最伤脑筋的是有时当天拍回来的图片都不大满意选不出一版中心图片,这个时候只见魏老拿着几张洗扩好的照片,摆在编报部夜班画版的大桌子上,动着手中的几页稿签纸,将照片的某一处或者好几处遮挡,对图片进行虚拟裁剪,一边演示,一边给我们讲解这样裁剪的道理。
经过魏老的一番摆弄,一张本来看似一般的图片忽然间如十八岁的姑娘般出落得很是美丽。第二天报纸出刊,版面上的大图总是最为抢眼。记得那时,咸阳日报首创图片新闻上一版头条的照片就是魏老拍摄的。
二
初识魏老是上世纪八十年代初,我在咸阳纺校上学的时候。每到周末,同学们常上街到电影院十字闲逛,没事了就去咸阳工人文化宫看书、翻杂志,到文化宫的橱窗经常展出署名魏少云的新闻图片和风景照,“构图精美、用光讲究、角度新颖、冲击力强”是我对魏老照片的感觉,所以每到文化宫总要驻足好久,细细欣赏他的美图,也在脑海中开始“设计”魏老的形象:一定是双目如炬、表情严肃的长者。
1997年7月,加入新闻行列,迈进咸阳报社的大门,我有幸第一次结识了心仪已久的魏老,他和我想象中的形象完全不一样,温润宽和的他总是挂着一张笑脸,无论何时何地,他都以极大的热情关怀和培养年轻的新闻工作者。
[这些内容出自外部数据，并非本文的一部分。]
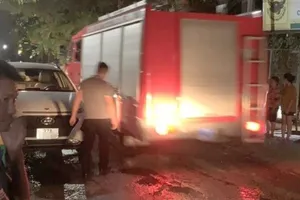 Người dân đập cửa cứu kịp 1 người trong đám cháy 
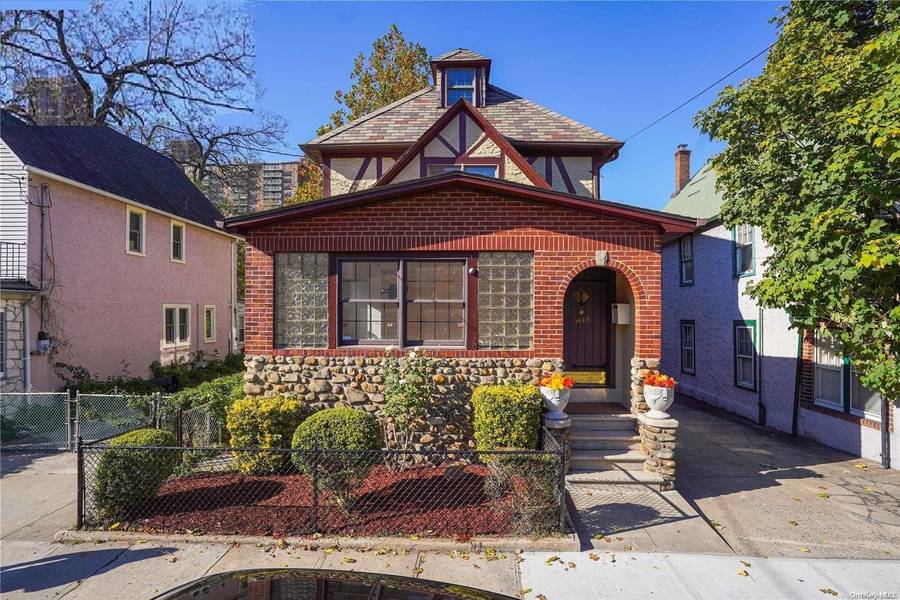 3445 Corlear Ave, Bronx, NY 10463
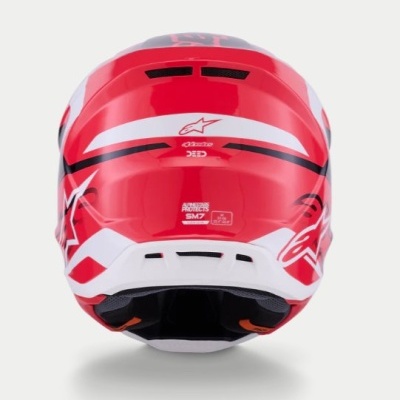 Capacete vermelho e branco para motocross visto de trás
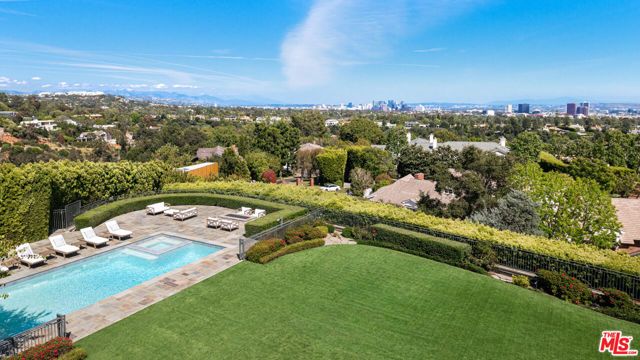 1676 Alta Mura Road, Pacific Palisades (los Angeles), CA 90272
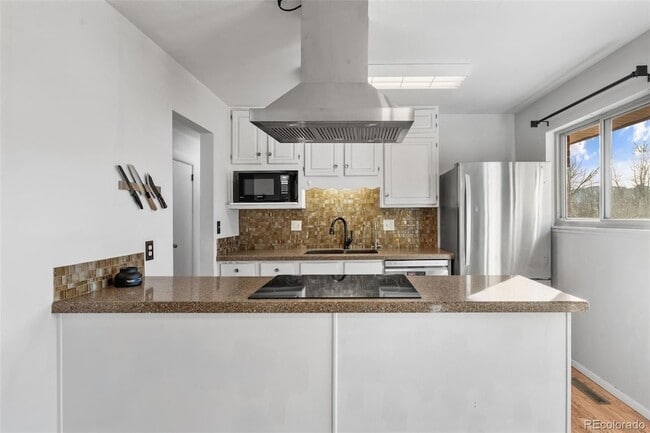 Building Photo - 1438 Laurette Dr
魏老在基层的朋友多,新闻线索就多,那时的他腰里总别着个BB机,一有线索立即找电话回复。因为刚到报社,在联系采访上还很陌生,魏老就主动联系他经常跑的几个县区,介绍了我的情况后又把他们的电话、传呼提供给我,让我跟这些人经常联系,获取宝贵的新闻资源。他的无私帮助让我非常感动。
魏老乐观豁达,幽默风趣,为人随和。无论是入社多年的新闻“老法师”,还是和我看着一样的年轻人都可以跟他很随意地开玩笑。在报社 409 那个大办公室里,他和我们一帮入社不久的晚辈厮混一起,从不倚老卖老,有空就给我们画一幅漫画,附上一首藏头诗,嵌进“高怀军好”“张会民好”,激励我们积极上进,我们也以此为荣,将其贴在紧靠办公桌的墙上,鞭策自己。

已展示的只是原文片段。